EXTRACTED MATERIAL:
━━━━━━━━━━━━━━━━━━━━━━━━━━━━━━

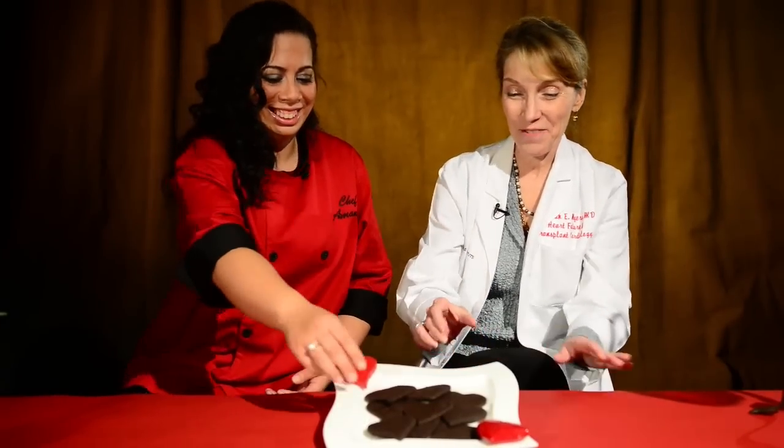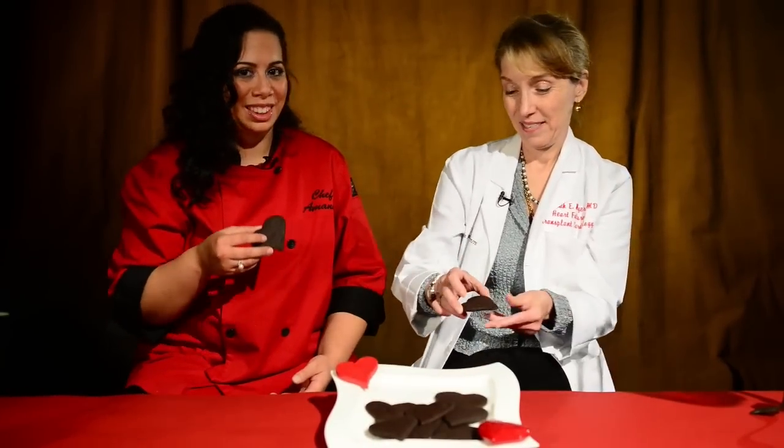Dr. Myers, would you like to try one of the cookies? Sure. Thank you for bringing them. Awesome. So thank you. Thank you so much.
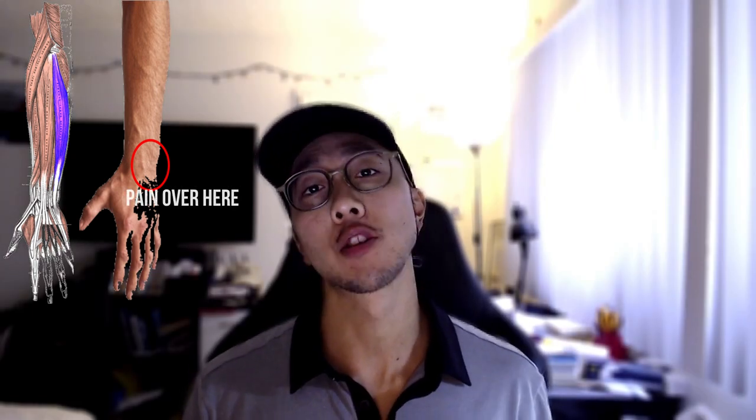Hey guys, this is the mouse wrist tendinopathy strengthening video that showcases three exercises that address the pain in this area. It's going to be something that you guys can do on a regular basis, three to four times a week or daily if you already have this pain pattern or if you want to prevent it.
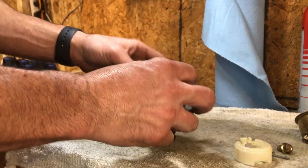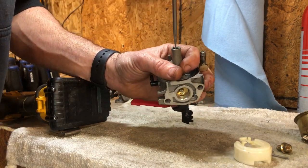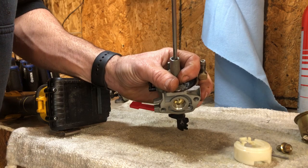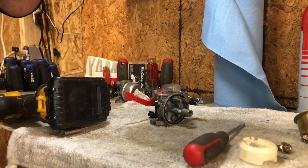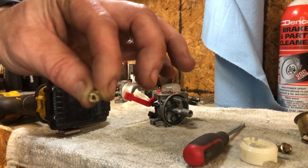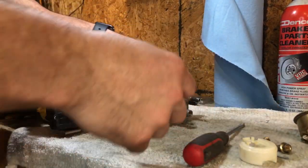We're going to take this main jet out and just double-check things. It ran, but it was starving for fuel for sure. This jet's not in bad shape at all — I can't spot a number on it, but it looks like I might be reading a 63 on that main jet. It was definitely not clogged or anything; it's looking pretty good.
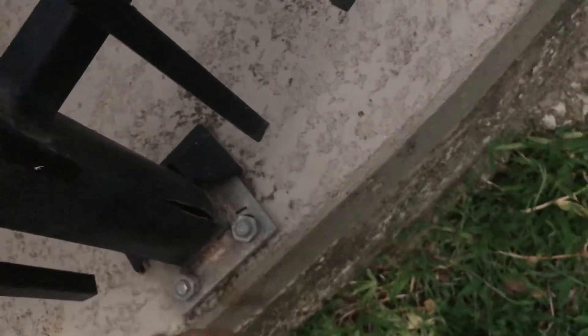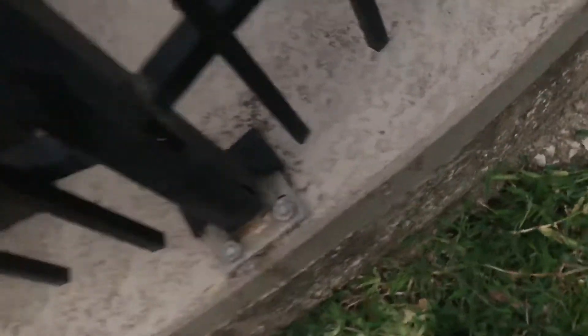I'll probably need to get a few things fixed by somebody who welds, because some of these are cracked and the welds at the bottom are splitting. This is obviously a corner piece so it's got a little stress on it. Some of these corner pieces don't look very good.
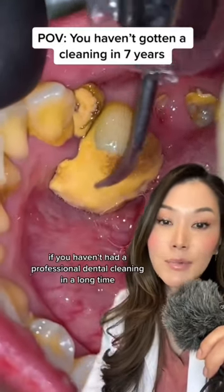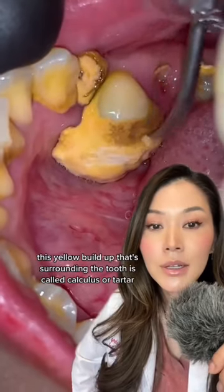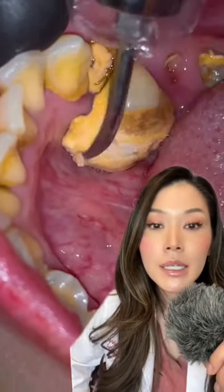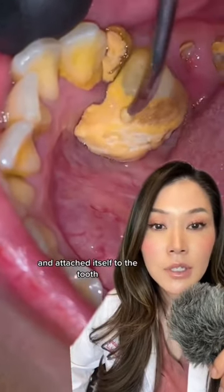This is what can happen if you haven't had a professional dental cleaning in a long time. This yellow buildup surrounding the tooth is called calculus or tartar — it's basically soft plaque that has hardened through the minerals in the saliva and attached itself to the tooth.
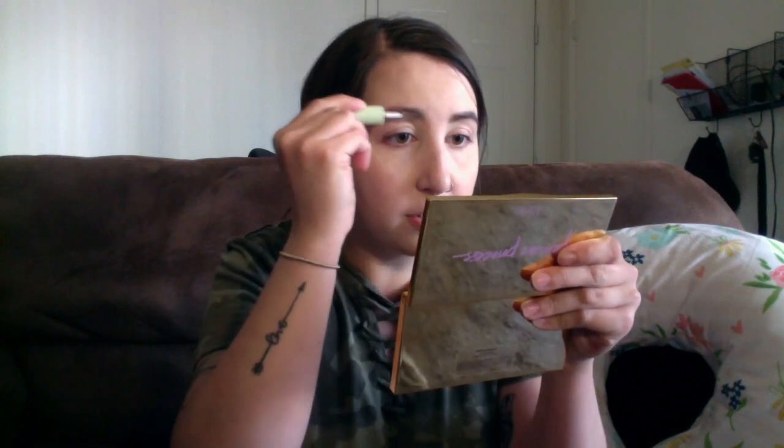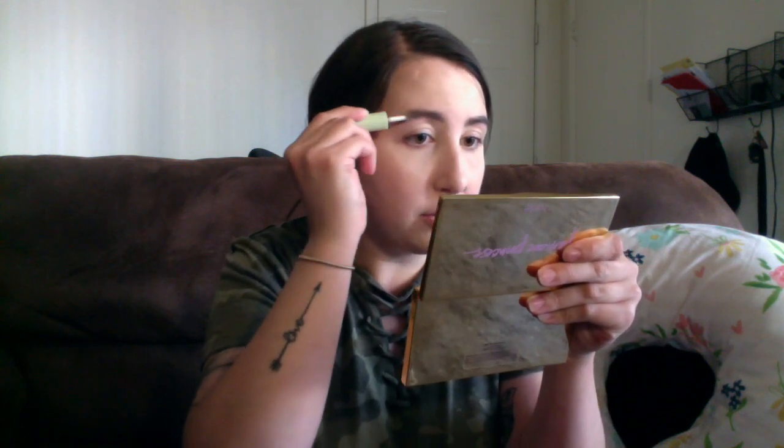Once I finish my brows, I always set them because I have crazy brow hairs that like to do whatever they want and go in all directions. I'm using the Pixi Brow Gel — I'm guessing that's just what it's called. It's just a clear one. I do like using colored ones as well, but I'm out right now.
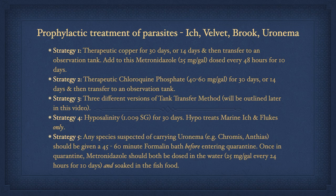Shown here are five different strategies for prophylactically treating parasites in marine fish. Strategy one treats marine ick, velvet, and brook. Strategy two is the most inclusive and covers marine ick, velvet, brook, and uronema. The only reason copper is mentioned first here is because it's much easier to obtain than chloroquine. Strategy three treats either just ick or velvet and ick, and possibly other parasites as well, depending on which version you do. Strategy four treats marine ick and flukes only. Strategy five is for dealing with chromis damsels, anthias, and other species prone to uronema, and is not meant to replace any of the other strategies but rather lists additional steps which should be taken due to uronema's virulence.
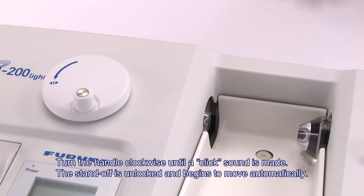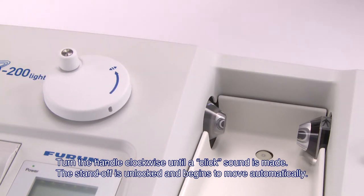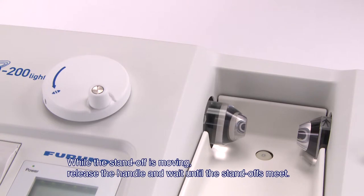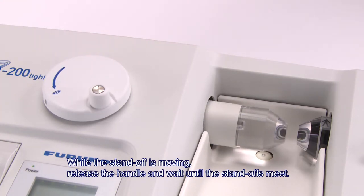Next, turn the handle clockwise until a click sound is made and the standoff is unlocked and begins to move automatically. While the standoff is moving, release the handle and wait until the standoffs meet.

━━━━━━━━━━━━━━━━━━━━━━━━━━━━━━

GOAL OF THE EXERCISE: Of all the material above, only the lines from the one that has "Hey guys, this" down to the one that has "I'll probably need" are to be written out, exactly and with both ends included. Pictures are skipped.

WRITTEN RESPONSE:
Hey guys, this is the mouse wrist tendinopathy strengthening video that showcases three exercises that address the pain in this area. It's going to be something that you guys can do on a regular basis, three to four times a week or daily if you already have this pain pattern or if you want to prevent it.
We're going to take this main jet out and just double-check things. It ran, but it was starving for fuel for sure. This jet's not in bad shape at all — I can't spot a number on it, but it looks like I might be reading a 63 on that main jet. It was definitely not clogged or anything; it's looking pretty good.
I'll probably need to get a few things fixed by somebody who welds, because some of these are cracked and the welds at the bottom are splitting. This is obviously a corner piece so it's got a little stress on it. Some of these corner pieces don't look very good.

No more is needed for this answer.